The Association for Strengthening Agricultural Research in Eastern and Central Africa (ASARECA) is an organization aimed at advancing agricultural research and development in the Eastern and Central Africa region. Established in 1994, ASARECA brings together the National Agricultural Research Institutes from its ten member countries – Burundi, Democratic Republic of the Congo, Eritrea, Ethiopia, Kenya, Madagascar, Rwanda, Sudan, Tanzania, and Uganda.

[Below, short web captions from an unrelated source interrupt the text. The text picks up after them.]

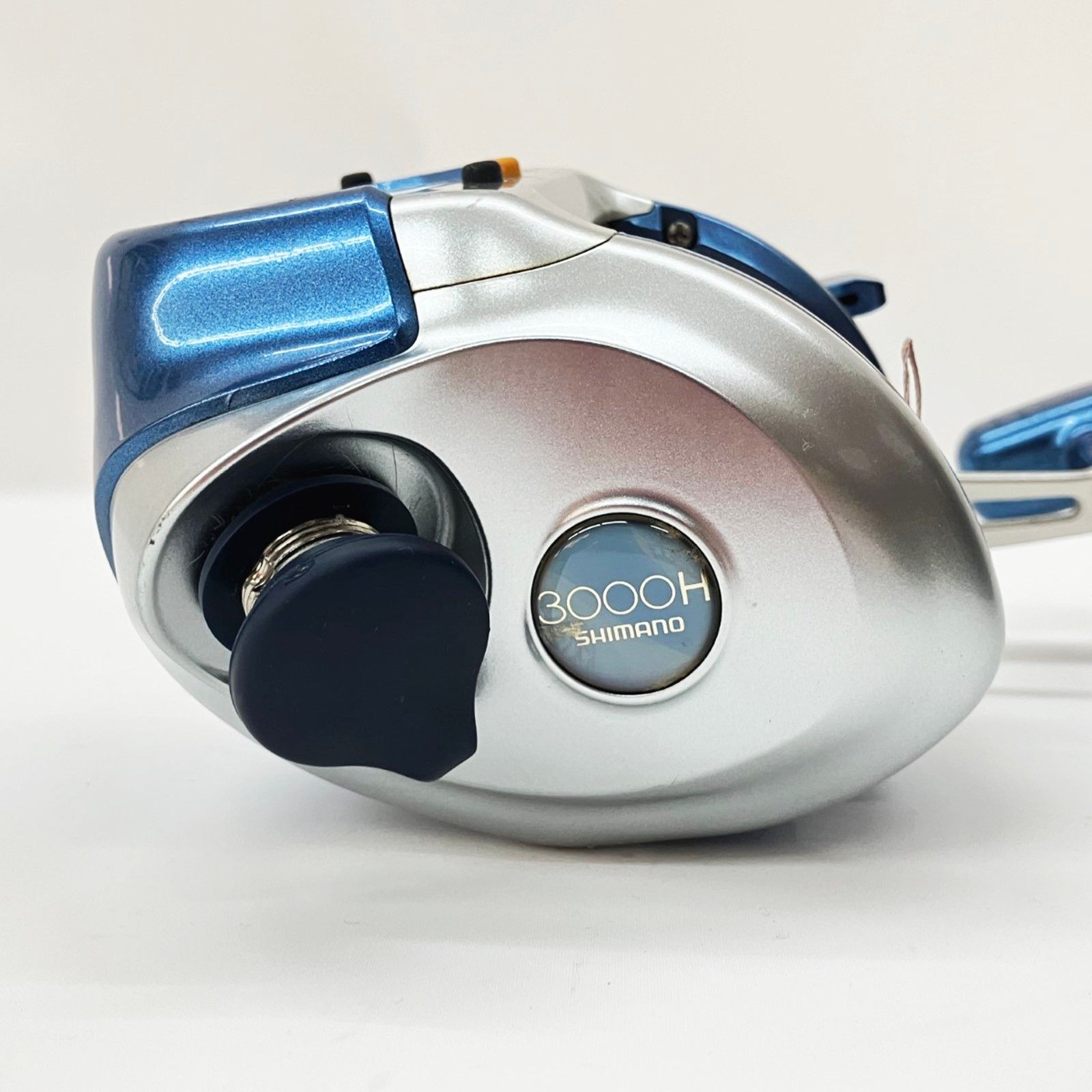 SHIMANO シマノ 04 電動丸 3000H 電動リール 01860 ジャンク品 - メルカリ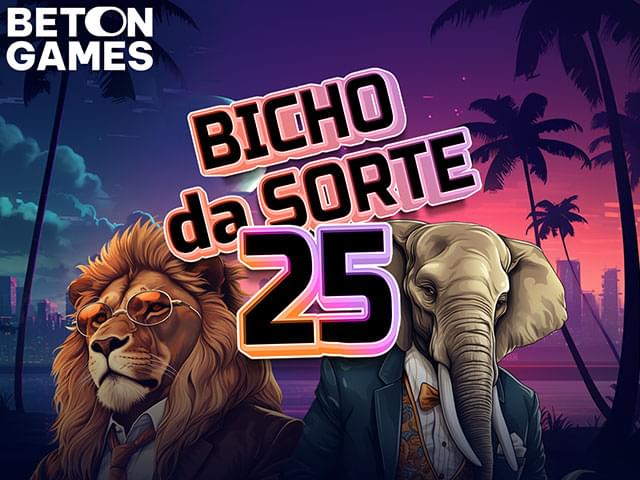 6292 com Loto Bicho da sorte 25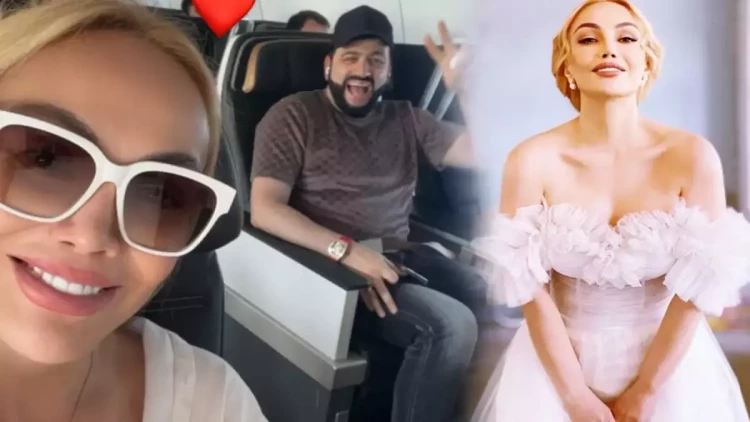 Nura ilə Yusif Eyvazov bir arada - FOTO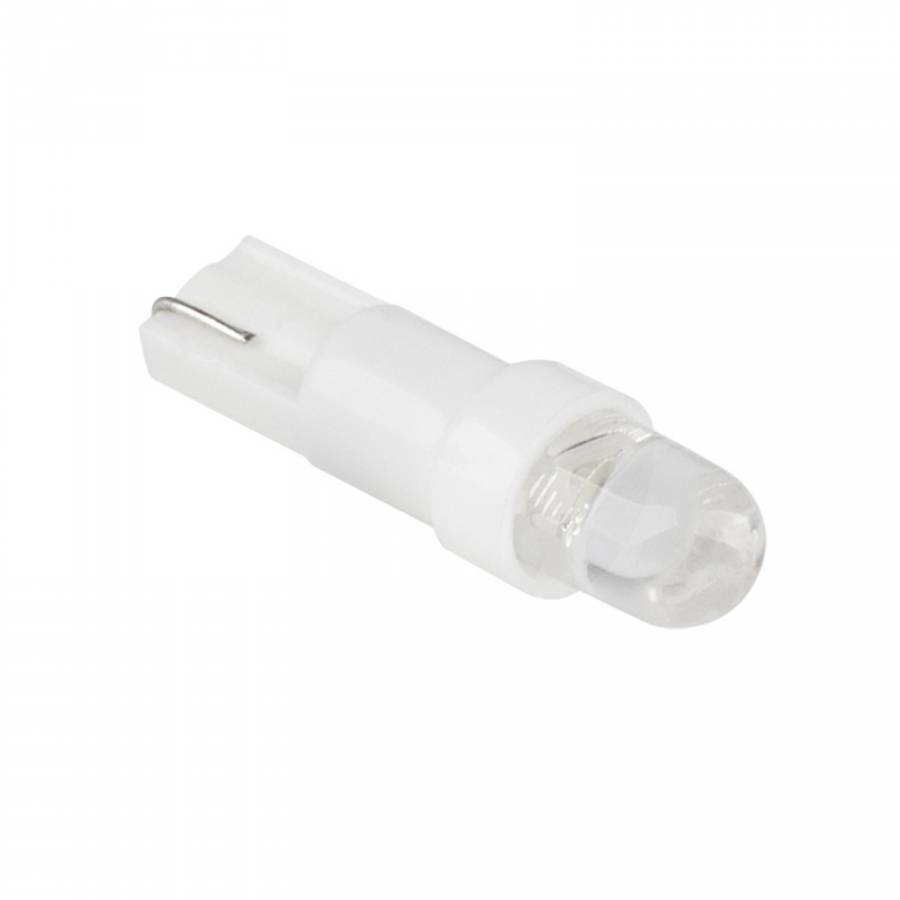 Bec Auto LED Alb 12V - Panou Bord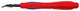 Knipex | 78 61 150 | Slim Knips | Black Atramentised | Multi Component Handle - 150mm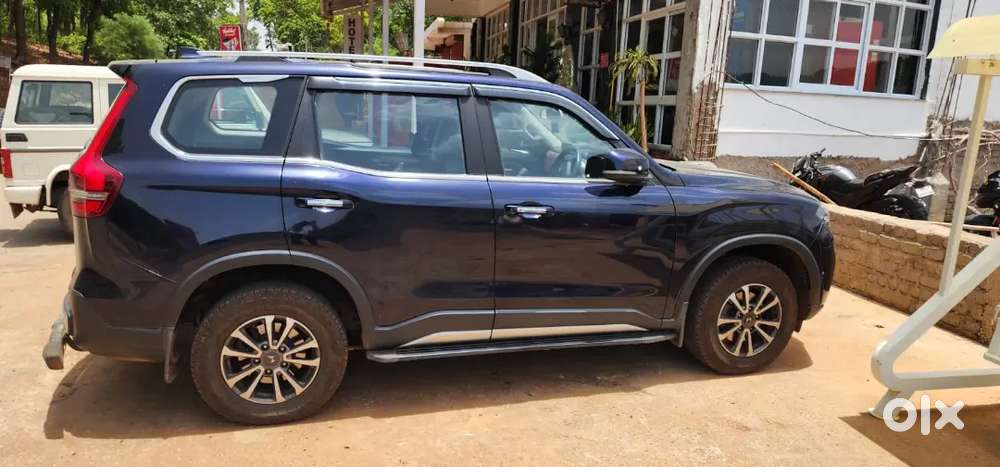 Mahindra Scorpio-n 2024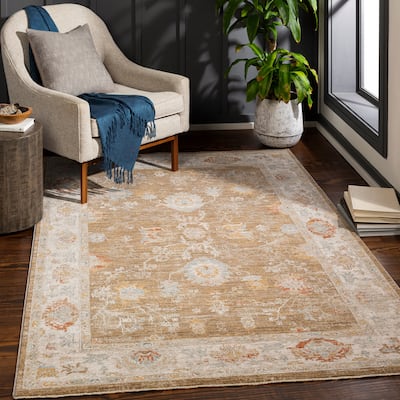 Artistic Weavers Caeso Traditional Area Rug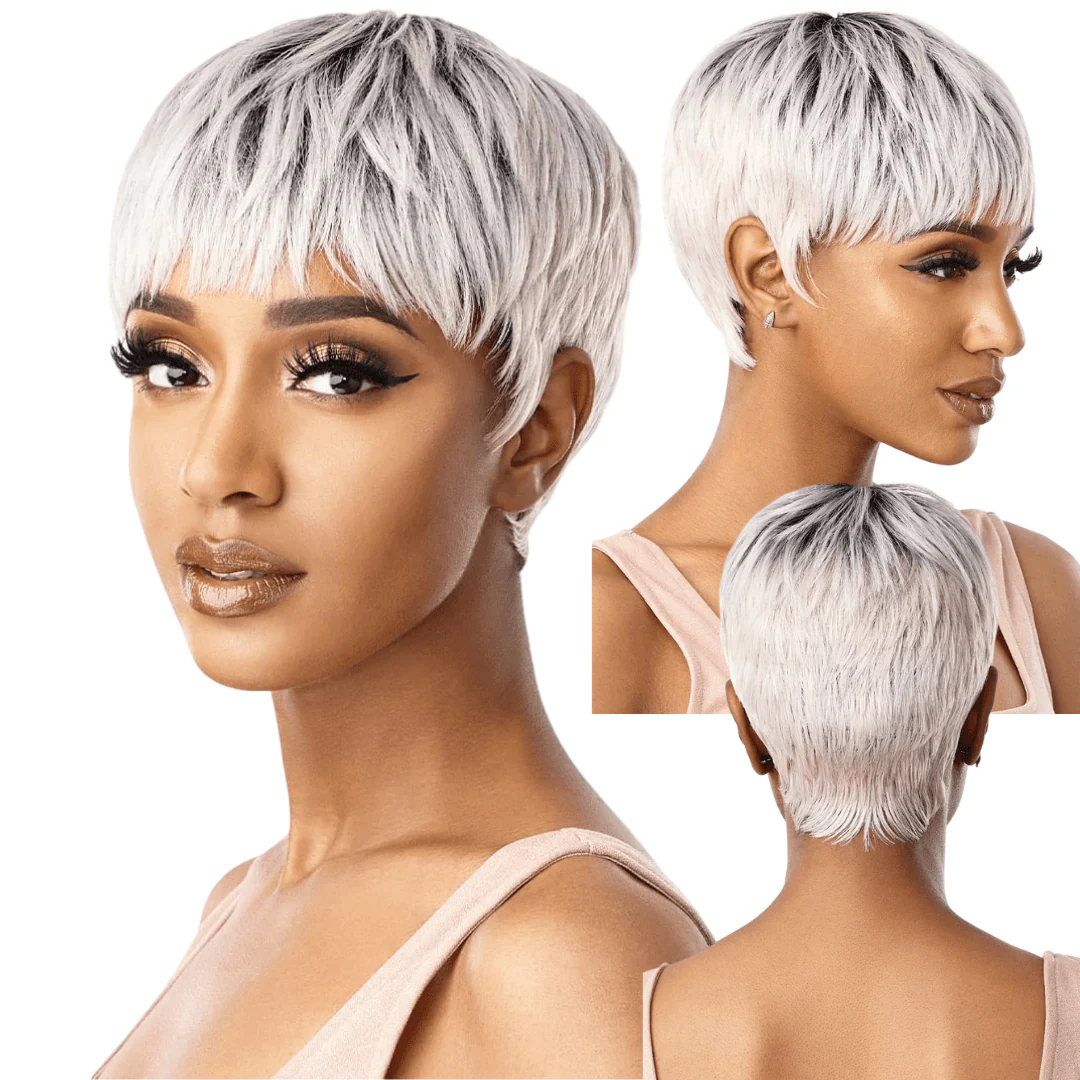 Outre WigPop Synthetic Wig β Nola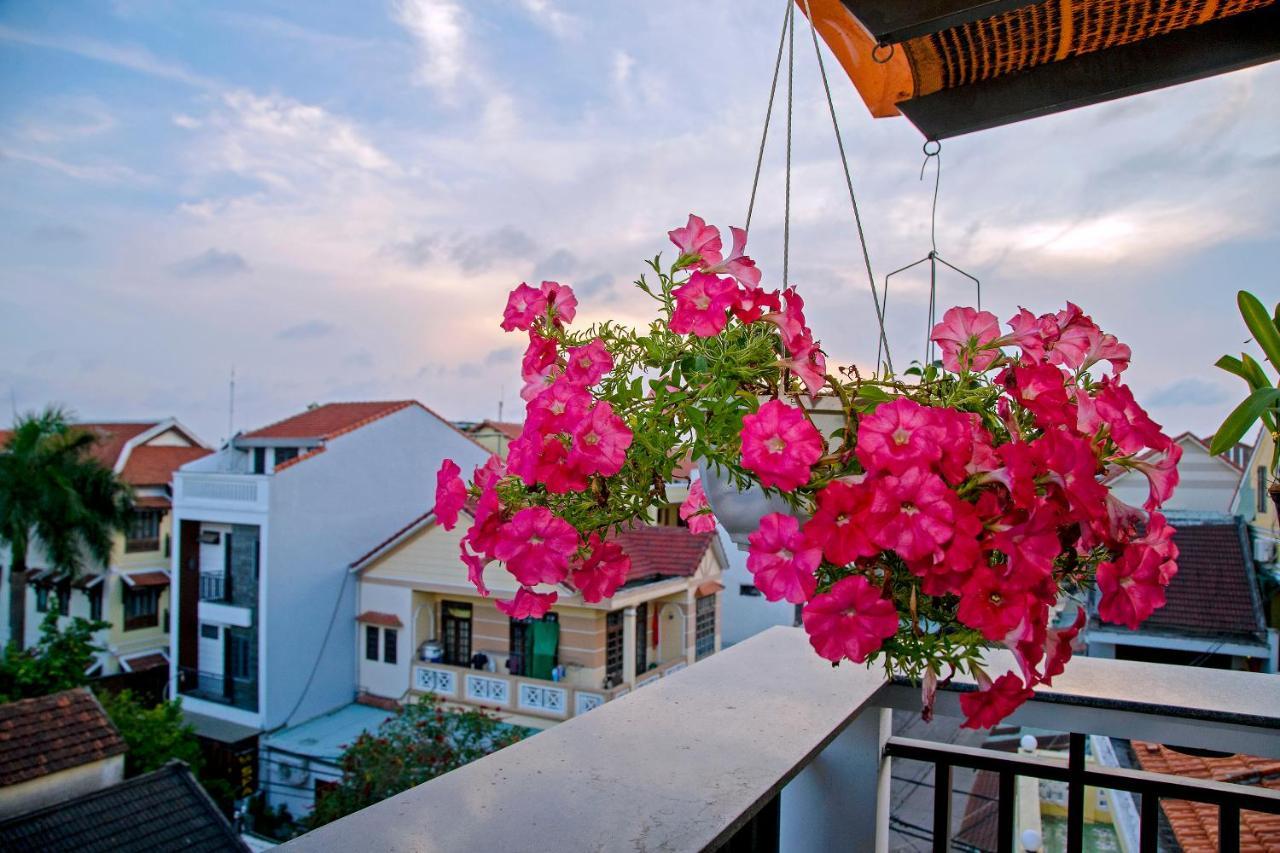 Green Sand Homestay ホイアン エクステリア 写真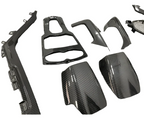 Carbon Fiber Interior Trim Replacement Set for Lamborghini Huracan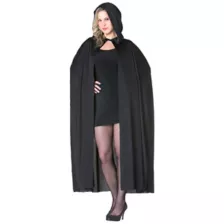 68 Inch Hooded Cape at Spirit Halloween
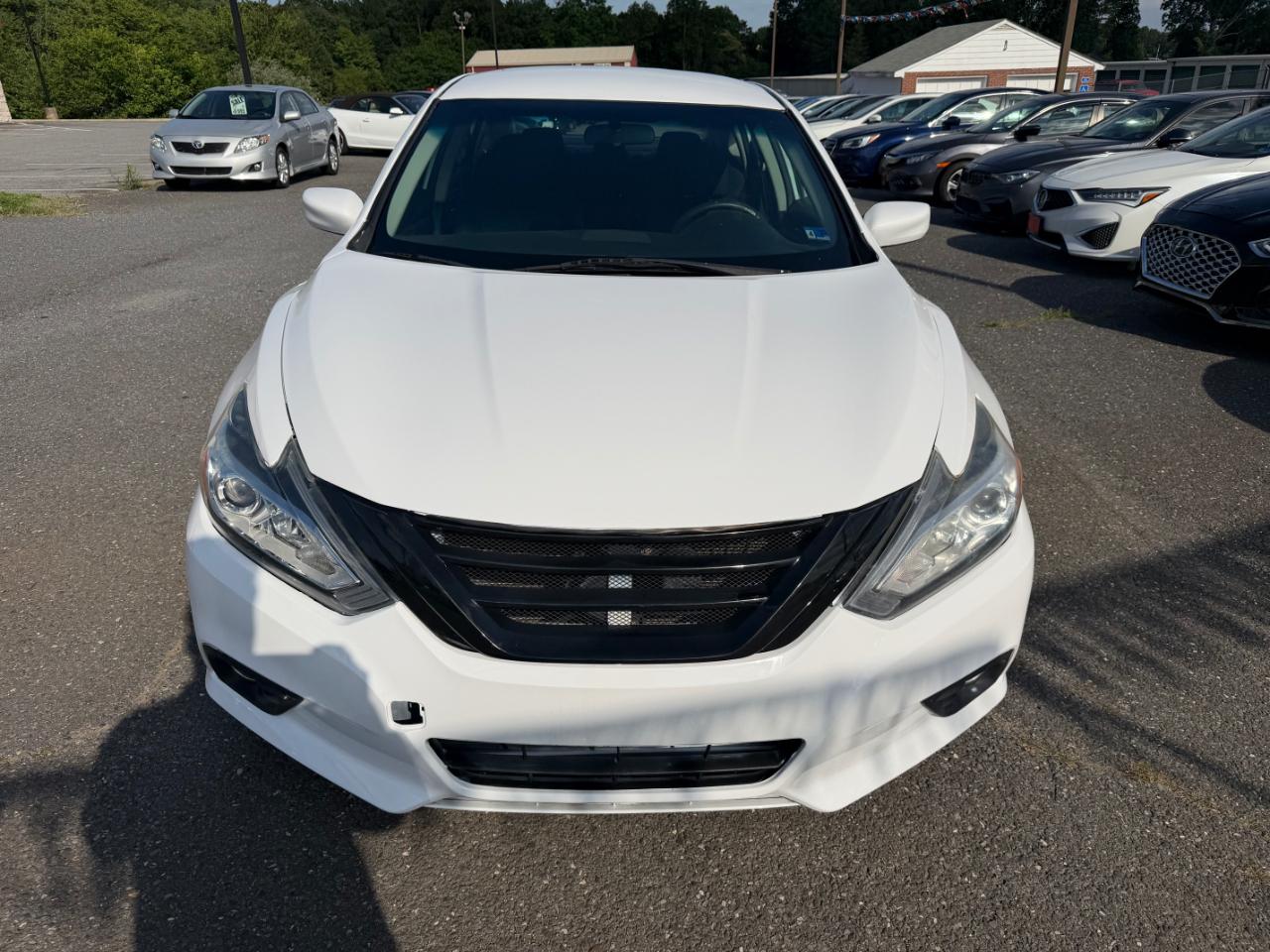 Nissan Altima 2.5 S Sedan 2018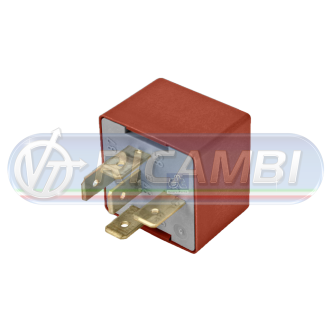 1 - RELAIS 24V 5 CONTATTI 30A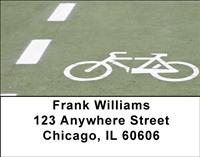 Life In The Bike Lane Address Labels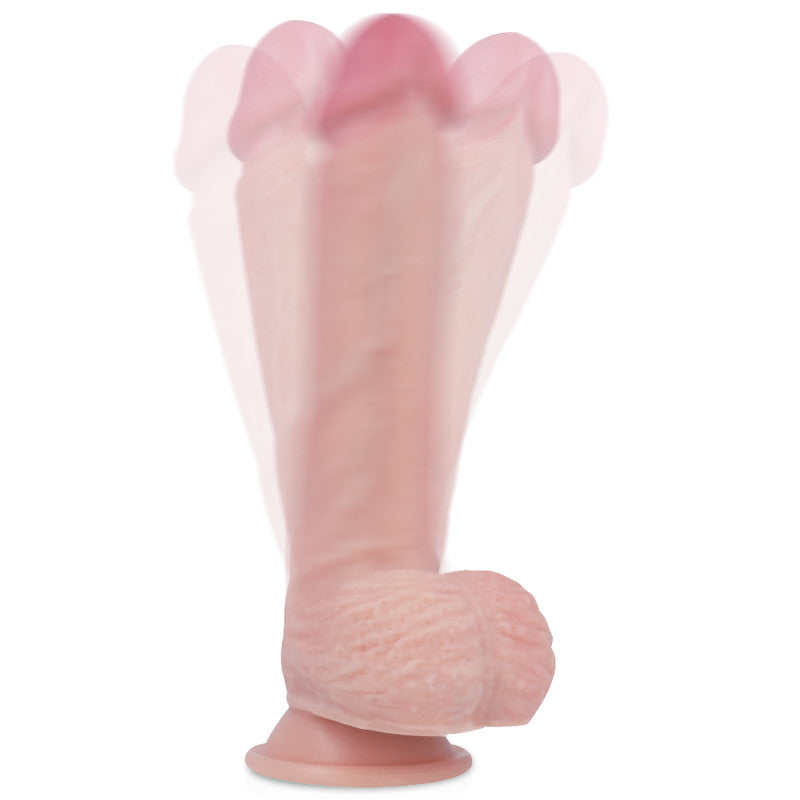 Rockarmy - Rotating And Vibrating Realistic Vibrator 22 Cm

== History and background ==
ASARECA was established in order to support and improve the effectiveness of agricultural research in the Eastern and Central African region. The organization was created through cooperation among the national agricultural research institutes of the member countries to address shared agricultural concerns. ASARECA has been promoting research and innovation for sustainable agriculture since it was founded.

== Mission and objectives ==
The main objective of ASARECA is to promote market-oriented agricultural research that boosts the region of Eastern and Central Africa's income creation, economic development, food security, and export competitiveness. To take advantage of size and scope economies, the organization attempts to strengthen regional cooperation in agricultural research. In addition to attending to the unique requirements and priorities of its member nations, ASARECA aims at promoting productive and sustainable agriculture.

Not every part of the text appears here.